I don’t agree that we can’t afford the luxury of a negative thought; “bad” thoughts and feelings can give us essential life guidance, including on quite primal survival issues, and can become a source of useful energy when we learn to work with them rather than succumb to them. However, I am firm in my conviction that we cannot afford the luxury of a negative mantra.
I hear good people who should know better bringing themselves down every day by saying things like:
“I’m too old”
“I’m a klutz”
“I don’t have the money to do what I want”
“My job sucks.”
“I can’t draw” (or write, or hang-glide, or speak in public)
I’m no good at…” (fill in the blank)
“I have no choice”
“It’s not up to me”
I also hear people harping negative beliefs about the world and the people around them in ways that limit possibility and invite bad experiences, because when we project bad expectations on the world, the world will respond in kind.
A negative mantra is a repetitive thought, that you energize by speaking in your mind or, worse still, out loud.
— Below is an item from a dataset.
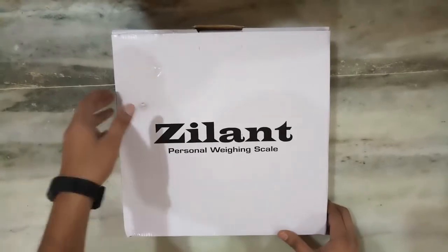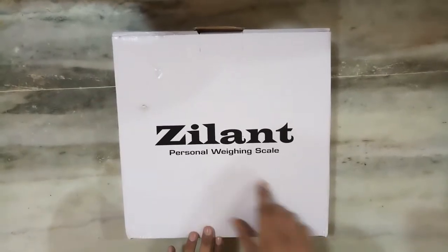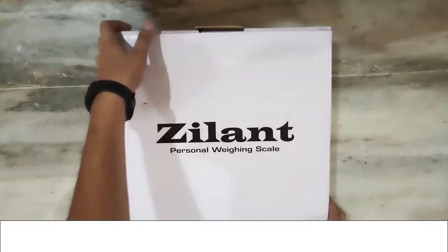Hello guys, welcome to the channel. Today we are going to review Zilliant's personal weight scale. Let's unbox this.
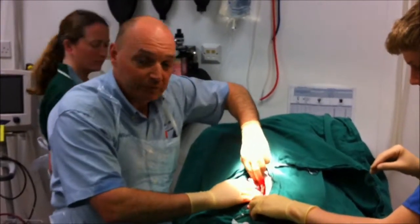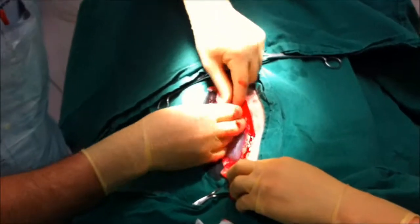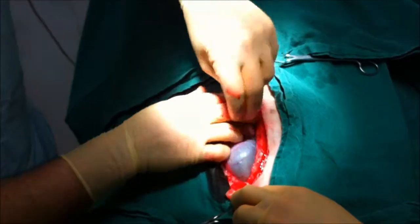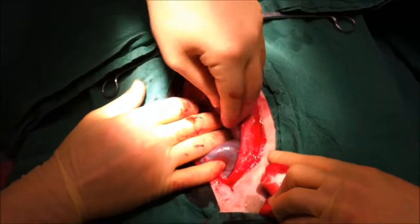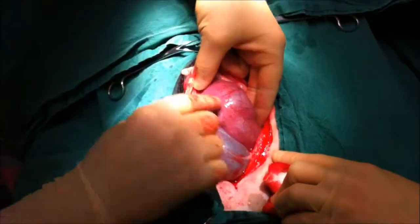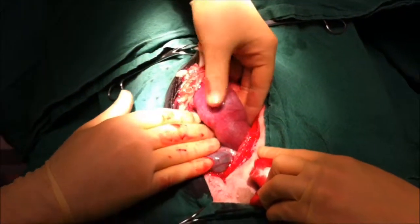We've just opened up the abdomen. This is her bladder sitting here — it's quite full. There's a little bit of intestine here, and then over here, this swollen part is her uterus, which is infected and will be full of pus, so we have to do a hysterectomy to remove all of that.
Every time you repeat a mantra of this kind, you close doors in front of you and put yourself inside a box. You bring into operation that principle that Thoreau expressed very well: “A man who stands in his own way will find the whole world stands in his way.”
Go on like this, and you can help to generate the condition that is symbolized, for me, by the 5 of Swords in Tarot: mind-induced defeat. My personal name for this card is “Harpies Crapping On My Head”. The harpies in question are the parts of me that keep harping on thoughts and memories that bring me down.
I recommend the following: Every time you catch yourself – or a friend catches you – committing a negative mantra, spit it out. I mean literally. Go outside, or into the bathroom, and get it out in a way that your body can believe. We hold experiences and beliefs in our bodies, so somatic release may be essential and of course to do a thorough job of that you may want to go beyond expectorating. But spitting it out is something you can do almost anywhere, any time. In my workshops, I send people outside to do it when we catch them committing a negative mantra. Newcomers are sometimes thunderstruck and disbelieving when they receive the instruction, but they are almost always lighter and freer and happier after they have followed it.